— REQUIRED WORK —
Copy the whole listing verbatim.
[Opening DATASET ENTRIES section]
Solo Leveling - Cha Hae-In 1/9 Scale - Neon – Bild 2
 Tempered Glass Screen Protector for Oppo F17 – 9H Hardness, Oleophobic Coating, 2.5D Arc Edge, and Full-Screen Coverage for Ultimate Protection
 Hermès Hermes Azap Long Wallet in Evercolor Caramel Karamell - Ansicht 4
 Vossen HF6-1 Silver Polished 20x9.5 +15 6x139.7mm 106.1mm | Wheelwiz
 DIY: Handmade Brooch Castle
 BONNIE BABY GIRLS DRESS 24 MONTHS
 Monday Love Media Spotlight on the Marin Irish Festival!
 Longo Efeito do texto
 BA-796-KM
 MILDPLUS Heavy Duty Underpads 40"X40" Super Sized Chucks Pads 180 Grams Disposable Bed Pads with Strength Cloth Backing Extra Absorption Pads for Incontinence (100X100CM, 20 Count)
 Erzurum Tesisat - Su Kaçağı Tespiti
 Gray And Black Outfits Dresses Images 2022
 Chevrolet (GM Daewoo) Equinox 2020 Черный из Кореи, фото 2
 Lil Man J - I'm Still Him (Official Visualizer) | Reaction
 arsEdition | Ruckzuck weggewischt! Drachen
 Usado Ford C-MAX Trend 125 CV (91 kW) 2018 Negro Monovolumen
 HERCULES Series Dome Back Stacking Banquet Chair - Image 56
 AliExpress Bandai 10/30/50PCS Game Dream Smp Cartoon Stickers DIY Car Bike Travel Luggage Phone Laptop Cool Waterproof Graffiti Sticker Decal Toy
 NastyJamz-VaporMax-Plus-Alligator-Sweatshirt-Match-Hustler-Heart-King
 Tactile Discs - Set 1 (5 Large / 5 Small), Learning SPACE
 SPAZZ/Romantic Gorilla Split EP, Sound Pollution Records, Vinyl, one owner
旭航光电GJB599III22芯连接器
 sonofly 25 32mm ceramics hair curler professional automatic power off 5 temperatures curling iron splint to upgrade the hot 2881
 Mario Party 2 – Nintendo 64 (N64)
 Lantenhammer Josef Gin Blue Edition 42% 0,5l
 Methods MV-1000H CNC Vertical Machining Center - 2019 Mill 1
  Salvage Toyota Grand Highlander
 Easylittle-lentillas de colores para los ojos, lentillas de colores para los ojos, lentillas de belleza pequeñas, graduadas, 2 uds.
[Closing DATASET ENTRIES section]
— THE COMPLETED TASK —
Solo Leveling - Cha Hae-In 1/9 Scale - Neon – Bild 2
 Tempered Glass Screen Protector for Oppo F17 – 9H Hardness, Oleophobic Coating, 2.5D Arc Edge, and Full-Screen Coverage for Ultimate Protection
 Hermès Hermes Azap Long Wallet in Evercolor Caramel Karamell - Ansicht 4
 Vossen HF6-1 Silver Polished 20x9.5 +15 6x139.7mm 106.1mm | Wheelwiz
 DIY: Handmade Brooch Castle
 BONNIE BABY GIRLS DRESS 24 MONTHS
 Monday Love Media Spotlight on the Marin Irish Festival!
 Longo Efeito do texto
 BA-796-KM
 MILDPLUS Heavy Duty Underpads 40"X40" Super Sized Chucks Pads 180 Grams Disposable Bed Pads with Strength Cloth Backing Extra Absorption Pads for Incontinence (100X100CM, 20 Count)
 Erzurum Tesisat - Su Kaçağı Tespiti
 Gray And Black Outfits Dresses Images 2022
 Chevrolet (GM Daewoo) Equinox 2020 Черный из Кореи, фото 2
 Lil Man J - I'm Still Him (Official Visualizer) | Reaction
 arsEdition | Ruckzuck weggewischt! Drachen
 Usado Ford C-MAX Trend 125 CV (91 kW) 2018 Negro Monovolumen
 HERCULES Series Dome Back Stacking Banquet Chair - Image 56
 AliExpress Bandai 10/30/50PCS Game Dream Smp Cartoon Stickers DIY Car Bike Travel Luggage Phone Laptop Cool Waterproof Graffiti Sticker Decal Toy
 NastyJamz-VaporMax-Plus-Alligator-Sweatshirt-Match-Hustler-Heart-King
 Tactile Discs - Set 1 (5 Large / 5 Small), Learning SPACE
 SPAZZ/Romantic Gorilla Split EP, Sound Pollution Records, Vinyl, one owner
旭航光电GJB599III22芯连接器
 sonofly 25 32mm ceramics hair curler professional automatic power off 5 temperatures curling iron splint to upgrade the hot 2881
 Mario Party 2 – Nintendo 64 (N64)
 Lantenhammer Josef Gin Blue Edition 42% 0,5l
 Methods MV-1000H CNC Vertical Machining Center - 2019 Mill 1
  Salvage Toyota Grand Highlander
 Easylittle-lentillas de colores para los ojos, lentillas de colores para los ojos, lentillas de belleza pequeñas, graduadas, 2 uds.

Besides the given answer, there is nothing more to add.